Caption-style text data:
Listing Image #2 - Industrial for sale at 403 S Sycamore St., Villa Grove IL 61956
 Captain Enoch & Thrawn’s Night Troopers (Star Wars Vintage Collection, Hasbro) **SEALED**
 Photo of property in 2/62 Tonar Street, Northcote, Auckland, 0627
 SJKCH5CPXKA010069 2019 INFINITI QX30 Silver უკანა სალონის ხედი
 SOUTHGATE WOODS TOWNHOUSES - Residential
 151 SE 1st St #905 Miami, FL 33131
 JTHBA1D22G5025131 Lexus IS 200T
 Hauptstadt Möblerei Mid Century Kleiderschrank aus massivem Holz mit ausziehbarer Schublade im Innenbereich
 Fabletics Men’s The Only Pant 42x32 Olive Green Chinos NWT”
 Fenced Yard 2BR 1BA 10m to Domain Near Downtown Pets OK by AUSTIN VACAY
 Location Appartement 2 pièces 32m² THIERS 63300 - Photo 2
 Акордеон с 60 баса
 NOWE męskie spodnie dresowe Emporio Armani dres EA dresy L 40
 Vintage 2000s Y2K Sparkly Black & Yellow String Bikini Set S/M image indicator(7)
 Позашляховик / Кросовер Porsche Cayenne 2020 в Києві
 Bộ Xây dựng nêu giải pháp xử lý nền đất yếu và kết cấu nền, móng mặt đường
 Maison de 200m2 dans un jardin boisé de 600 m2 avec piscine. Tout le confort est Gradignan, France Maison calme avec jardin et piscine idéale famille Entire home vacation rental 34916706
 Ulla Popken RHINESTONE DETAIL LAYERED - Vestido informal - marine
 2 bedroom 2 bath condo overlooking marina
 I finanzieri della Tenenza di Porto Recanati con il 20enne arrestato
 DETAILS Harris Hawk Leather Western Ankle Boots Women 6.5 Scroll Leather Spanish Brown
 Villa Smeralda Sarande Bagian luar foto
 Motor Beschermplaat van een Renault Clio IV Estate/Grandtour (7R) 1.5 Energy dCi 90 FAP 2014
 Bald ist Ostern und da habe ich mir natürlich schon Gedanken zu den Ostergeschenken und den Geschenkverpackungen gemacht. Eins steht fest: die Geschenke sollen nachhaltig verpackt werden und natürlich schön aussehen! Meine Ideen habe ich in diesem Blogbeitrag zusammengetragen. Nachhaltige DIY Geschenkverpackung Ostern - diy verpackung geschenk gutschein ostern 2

» **What needs to be done**
If a line in the records above contains "Villa", copy that line.

» **Answer to the exercise**
Listing Image #2 - Industrial for sale at 403 S Sycamore St., Villa Grove IL 61956
 Villa Smeralda Sarande Bagian luar foto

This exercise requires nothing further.